Material provided >>
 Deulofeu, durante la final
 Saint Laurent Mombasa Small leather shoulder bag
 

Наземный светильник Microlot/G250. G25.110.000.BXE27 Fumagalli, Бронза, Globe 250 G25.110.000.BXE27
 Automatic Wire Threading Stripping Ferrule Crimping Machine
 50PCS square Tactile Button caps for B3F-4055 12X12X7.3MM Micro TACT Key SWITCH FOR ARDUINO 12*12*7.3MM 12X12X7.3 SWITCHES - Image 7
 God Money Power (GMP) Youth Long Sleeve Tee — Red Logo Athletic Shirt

* * *

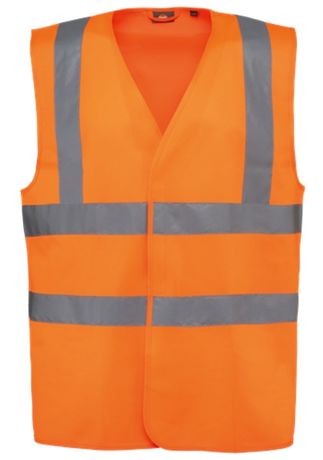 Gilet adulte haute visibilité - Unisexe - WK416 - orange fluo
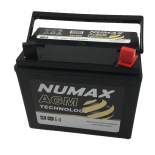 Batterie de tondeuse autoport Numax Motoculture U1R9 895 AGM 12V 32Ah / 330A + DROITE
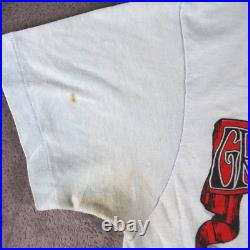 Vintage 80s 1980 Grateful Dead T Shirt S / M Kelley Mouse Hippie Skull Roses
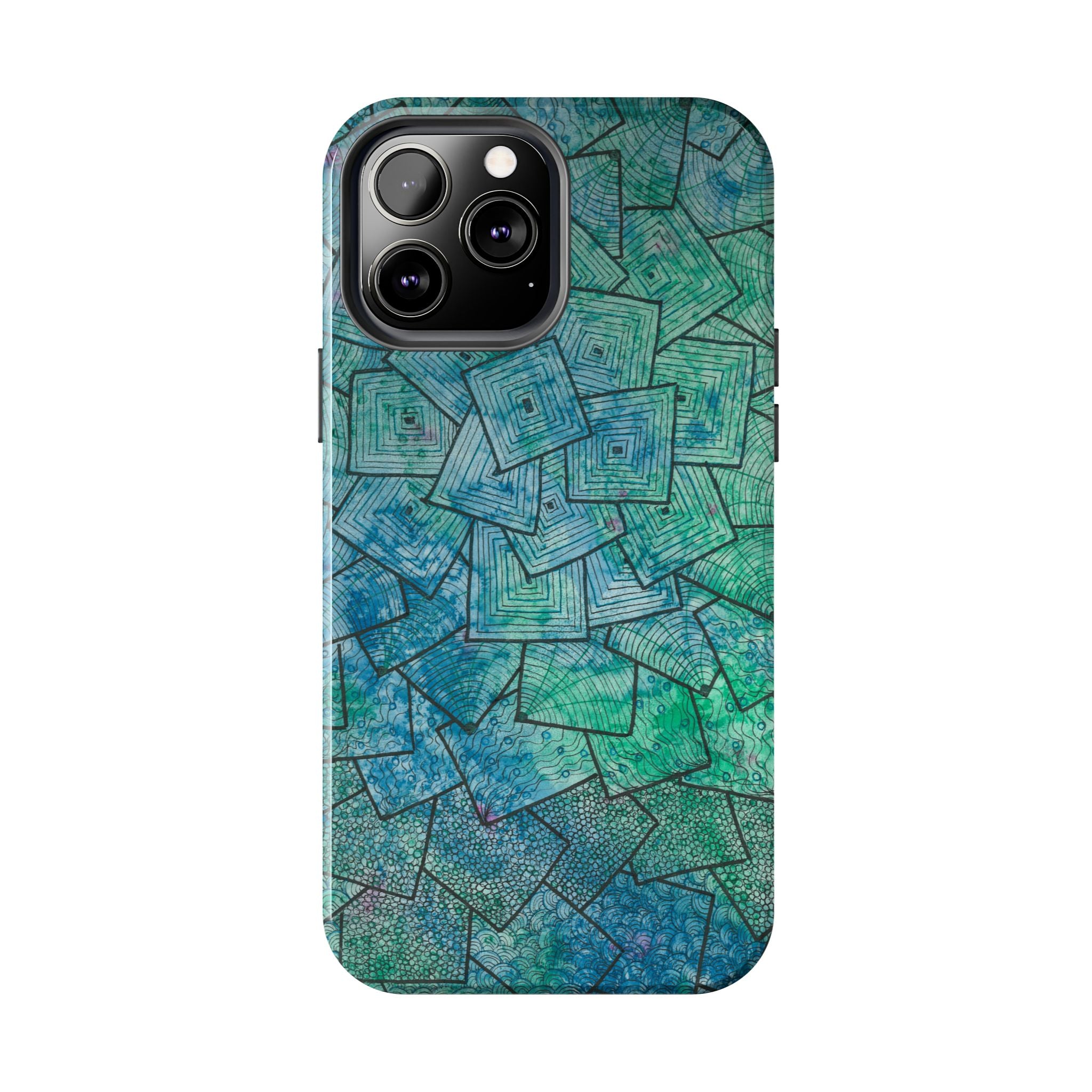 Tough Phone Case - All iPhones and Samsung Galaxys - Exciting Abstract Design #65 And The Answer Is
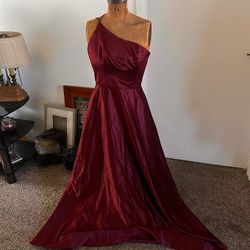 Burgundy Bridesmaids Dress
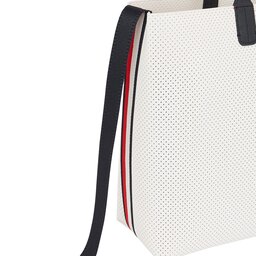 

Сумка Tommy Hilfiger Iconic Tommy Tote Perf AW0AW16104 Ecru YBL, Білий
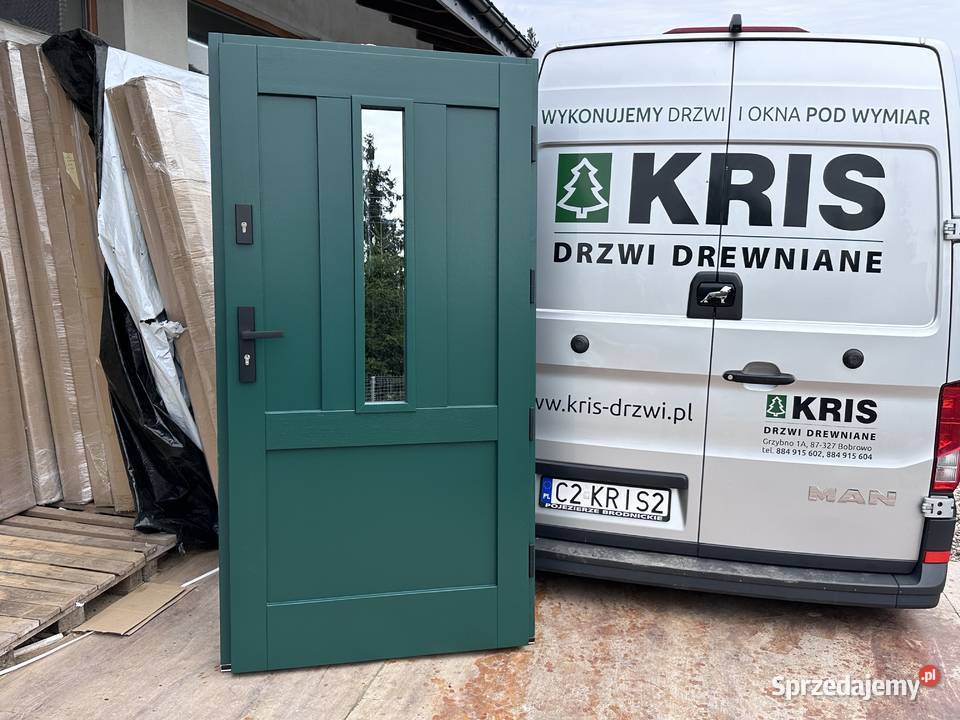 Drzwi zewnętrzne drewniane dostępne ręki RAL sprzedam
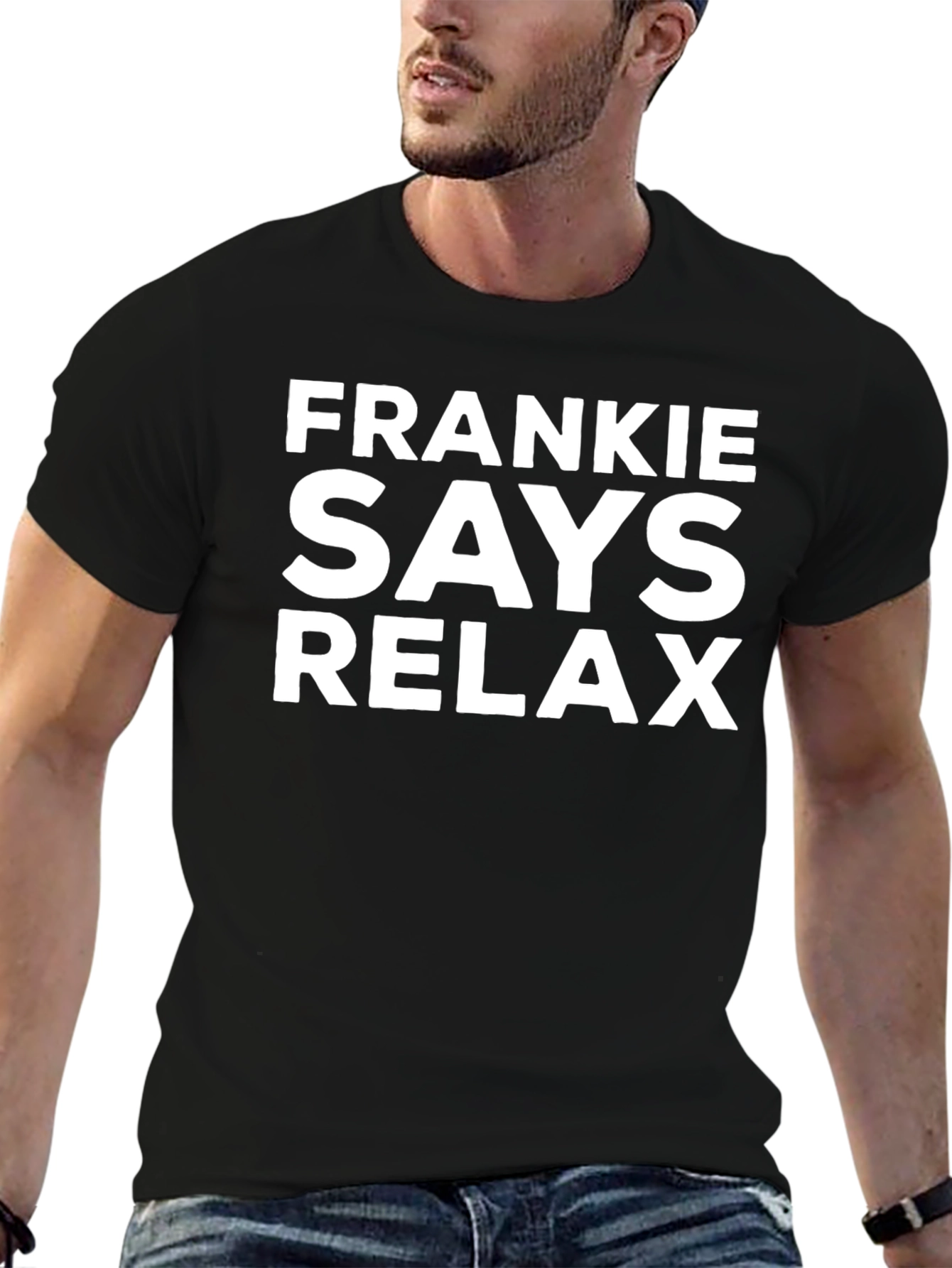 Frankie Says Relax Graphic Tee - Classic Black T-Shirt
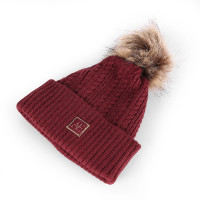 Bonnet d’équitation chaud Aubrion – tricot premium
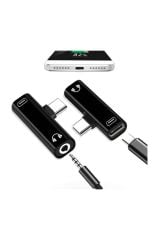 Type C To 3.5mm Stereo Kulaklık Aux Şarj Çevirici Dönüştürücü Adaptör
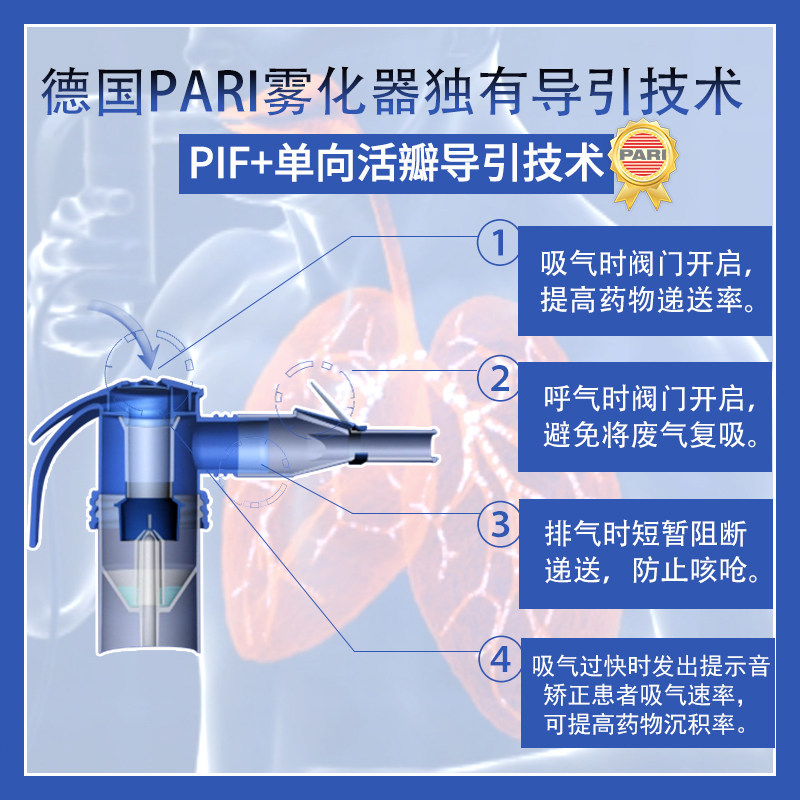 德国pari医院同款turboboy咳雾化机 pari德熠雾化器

Your objective >> In the material above, the stretch from the line with "Tough Phone Case" through the line with "Bonnet d’équitation chaud" is to be given again exactly, minus the pictures.

Finished task >>
 Tough Phone Case - All iPhones and Samsung Galaxys - Exciting Abstract Design #65 And The Answer Is
 Burgundy Bridesmaids Dress

Сумка Tommy Hilfiger Iconic Tommy Tote Perf AW0AW16104 Ecru YBL, Білий
 Drzwi zewnętrzne drewniane dostępne ręki RAL sprzedam
 Frankie Says Relax Graphic Tee - Classic Black T-Shirt
 Bonnet d’équitation chaud Aubrion – tricot premium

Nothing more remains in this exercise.